▶ [Task inputs]

________________

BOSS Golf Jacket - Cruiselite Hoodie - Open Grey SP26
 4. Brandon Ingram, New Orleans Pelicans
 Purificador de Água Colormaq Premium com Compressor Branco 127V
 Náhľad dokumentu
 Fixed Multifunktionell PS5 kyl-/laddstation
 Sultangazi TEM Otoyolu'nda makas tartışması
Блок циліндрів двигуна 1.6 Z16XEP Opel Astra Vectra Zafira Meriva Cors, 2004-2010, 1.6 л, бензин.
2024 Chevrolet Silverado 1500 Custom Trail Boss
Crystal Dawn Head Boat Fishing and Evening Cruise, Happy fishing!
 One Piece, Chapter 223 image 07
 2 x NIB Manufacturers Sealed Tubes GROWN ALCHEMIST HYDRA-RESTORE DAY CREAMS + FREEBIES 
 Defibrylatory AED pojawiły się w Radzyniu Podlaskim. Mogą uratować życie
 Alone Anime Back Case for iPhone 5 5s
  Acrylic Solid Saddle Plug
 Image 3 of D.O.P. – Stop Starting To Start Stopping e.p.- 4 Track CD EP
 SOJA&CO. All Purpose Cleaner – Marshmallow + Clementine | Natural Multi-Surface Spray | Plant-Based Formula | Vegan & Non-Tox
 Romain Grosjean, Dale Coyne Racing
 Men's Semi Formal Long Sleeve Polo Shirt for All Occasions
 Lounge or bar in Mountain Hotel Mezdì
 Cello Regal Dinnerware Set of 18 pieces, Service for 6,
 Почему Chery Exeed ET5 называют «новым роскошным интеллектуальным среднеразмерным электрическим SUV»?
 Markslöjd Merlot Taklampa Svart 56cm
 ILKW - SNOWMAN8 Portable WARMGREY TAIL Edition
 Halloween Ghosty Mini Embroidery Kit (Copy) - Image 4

________________

▶ [What to do] Each line from the top of the records down to the one with "Romain Grosjean, Dale Coyne Racing" must be retyped exactly; include both ends and nothing else.

▶ [Task output]
BOSS Golf Jacket - Cruiselite Hoodie - Open Grey SP26
 4. Brandon Ingram, New Orleans Pelicans
 Purificador de Água Colormaq Premium com Compressor Branco 127V
 Náhľad dokumentu
 Fixed Multifunktionell PS5 kyl-/laddstation
 Sultangazi TEM Otoyolu'nda makas tartışması
Блок циліндрів двигуна 1.6 Z16XEP Opel Astra Vectra Zafira Meriva Cors, 2004-2010, 1.6 л, бензин.
2024 Chevrolet Silverado 1500 Custom Trail Boss
Crystal Dawn Head Boat Fishing and Evening Cruise, Happy fishing!
 One Piece, Chapter 223 image 07
 2 x NIB Manufacturers Sealed Tubes GROWN ALCHEMIST HYDRA-RESTORE DAY CREAMS + FREEBIES 
 Defibrylatory AED pojawiły się w Radzyniu Podlaskim. Mogą uratować życie
 Alone Anime Back Case for iPhone 5 5s
  Acrylic Solid Saddle Plug
 Image 3 of D.O.P. – Stop Starting To Start Stopping e.p.- 4 Track CD EP
 SOJA&CO. All Purpose Cleaner – Marshmallow + Clementine | Natural Multi-Surface Spray | Plant-Based Formula | Vegan & Non-Tox
 Romain Grosjean, Dale Coyne Racing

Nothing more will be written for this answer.